Now, contextually read that portion of the Debate extracted in the NJAC judgment itself. Nothing is left to the imagination as to where the sympathies of the majority lay notwithstanding what our framers thought, observed, and said in the Constituent Assembly. That would suggest something to the ‘value’ of the Debates, in judicial interpretations.

“It is surprising, that the Chief Justice of India, on account of the position he holds as pater familias of the judicial fraternity, and on account of the serious issues, that come up for judicial adjudication before him, which have immeasurable political and financial consequences, besides issues of far reaching public interest, was suspected by none other than Dr. B.R. Ambedkar, during the course of the Constituent Assembly debates, when he declined to accept the suggestions made by some Members of the Constituent Assembly, that the selection and appointment of Judges to the higher judiciary should be made with the “concurrence” of the Chief Justice of India, by observing, that even though the Chief Justice of India was a very eminent person, he was after all just a man with all the failings, all the sentiments, and all the prejudices, which common people have.
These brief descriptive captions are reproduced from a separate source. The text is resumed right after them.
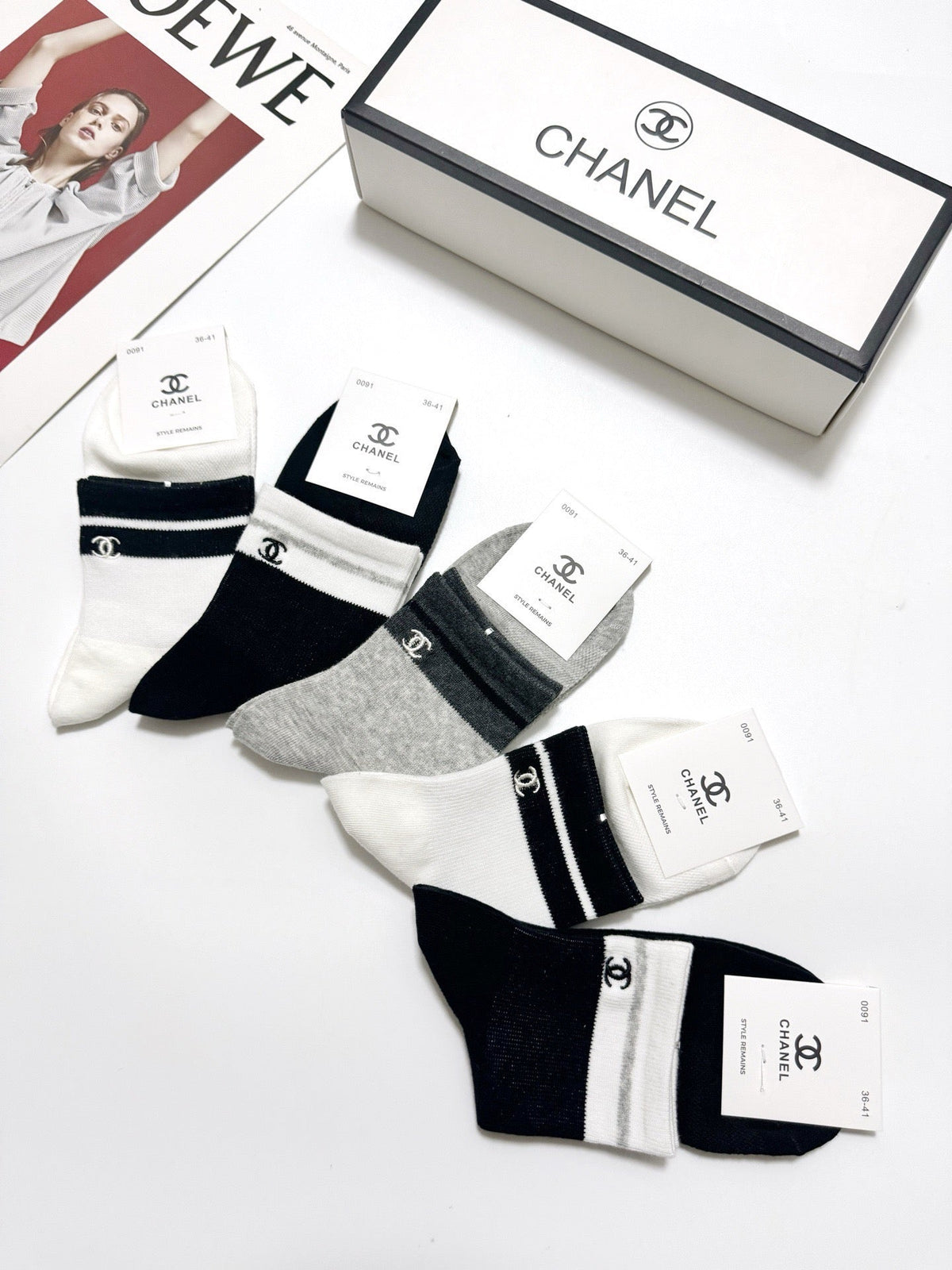 CHANEL 26S ANKLE SOCKS 407179 (1 BOX)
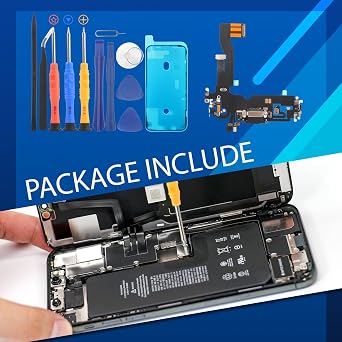 Dock Connector for iPhone 12 Charging Port Flex Cable Replacement for iPhone 12 Pro USB Charger Dock Board Connector with Tools(Black)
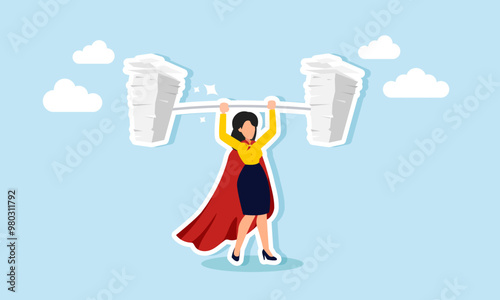 A super businesswoman lifting a heavy stack of papers, illustrating an entrepreneur who handles and completes a large workload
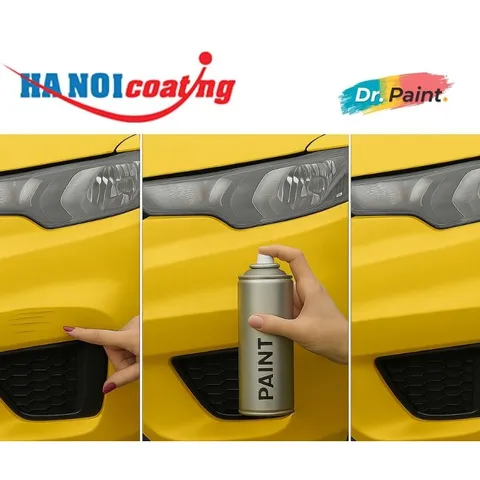 Bình Sơn Xịt Xóa Vết Xước xe TOYOTA WIGO Màu VÀNG ÁNH KIM code Y13 - YELLOW PEARL chính hãng DR.PAINT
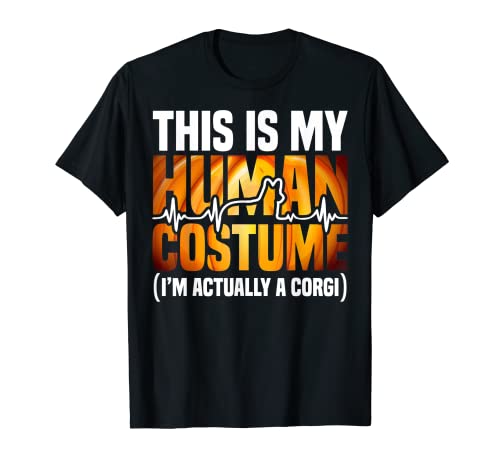 Este es mi disfraz humano Corgi Halloween Camiseta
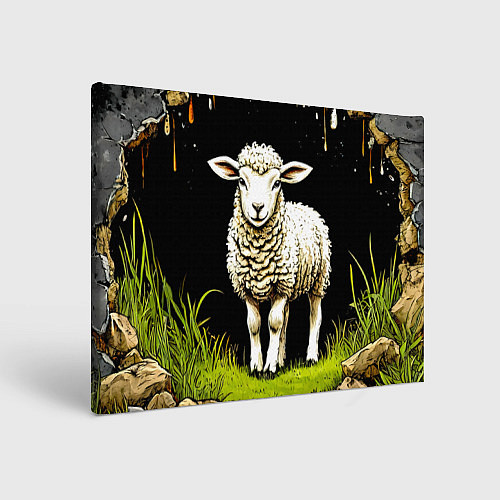 Картина прямоугольная Овечка на черном / 3D-принт – фото 1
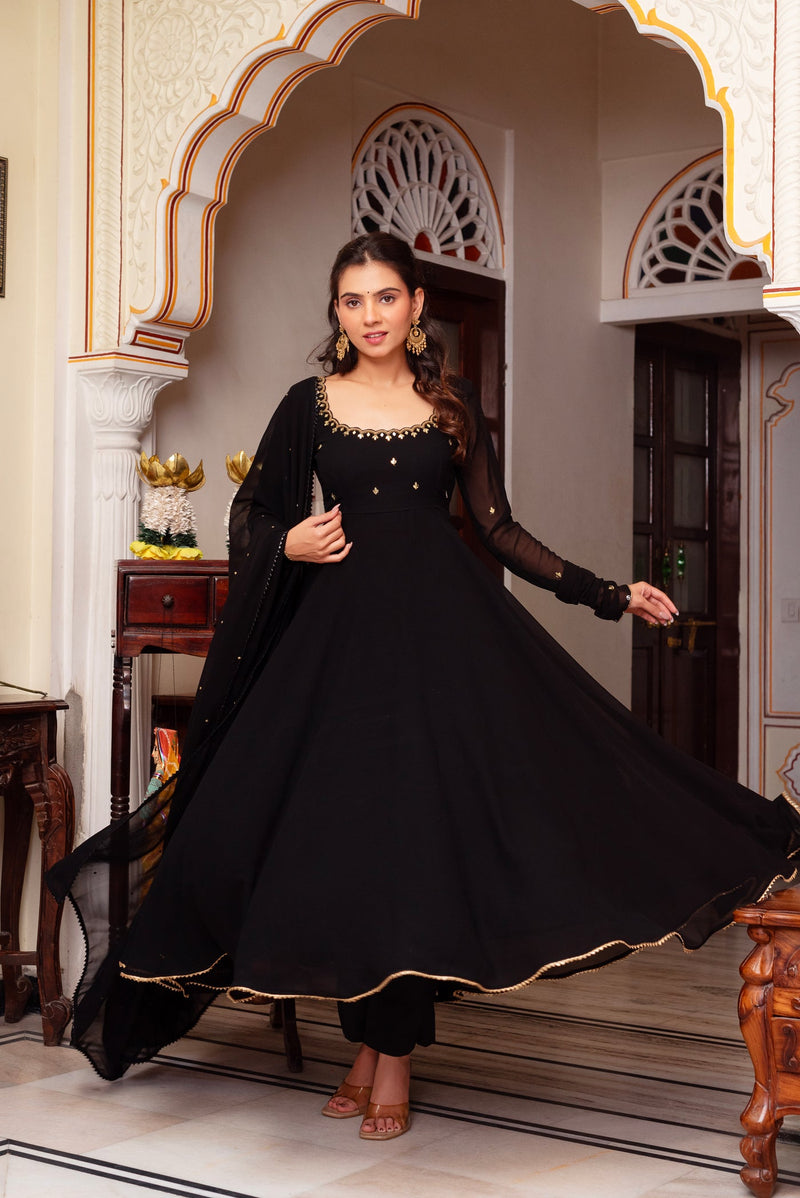 Black Color Hand Work Anarkali Suit with Dupatta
And therefore, the Constituent Assembly did not leave it to the individual wisdom of the Chief Justice of India, but required consultation with a plurality of Judges, by including in the consultative process (at the discretion of the President of India), not only Judges of the Supreme Court of India, but also Judges of High Courts (in addition to the mandatory consultation with the Chief Justice of India).”

This is how the majority went on to summarise the findings from the Debates.
“The discussion leading up to the Constituent Assembly Debates and relating to the appointment of judges clearly brings out that: (1) The independence of the judiciary was unflinchingly accepted by all policy and decision makers;(2) The appointment of judges of the Supreme Court and the High Courts was to be through a consultative process between the President and the Chief Justice of India, neither of whom had unfettered discretion in the matter; (3) In any event, the political executive had no role or a very little role to play in the decision-taking process. Notwithstanding this, the political executive did interfere in the appointment process as evidenced by the Memorandum prepared in the Conference of Chief Justices by, inter alia, recommending persons for appointment as judges of the High Court. Resultantly, the appointment of judges to the High Courts was not always on merit and sometimes without the recommendation of the Chief Justice of the High Court;
(4) A constitutional convention existed that the appointment of judges should be made in conformity with the views of the Chief Justice of India (5) The proposal for the appointment of a judge of the Supreme Court or a High Court could originate from the President (although it never did) or the Chief Justice of India and regardless of the origin, it would normally be accepted. However, the possibility of the President giving in to political or party pressures was not outside the realm of imagination. (6) Historically, the Chief Justice of India was always consulted in the matter of appointment of judges, and conventionally his concurrence was always taken regardless of whether a recommendation for appointment originated from the Chief Justice of the High Court or the political executive. It is in this light that the discussion in the Constituent Assembly on the issue of appointment of judges to the Supreme Court and the High Courts deserves to be appreciated. (7) It remained a grey area whether in the appointment of judges, the President was expected to act on his/her own or on the advice of the political executive”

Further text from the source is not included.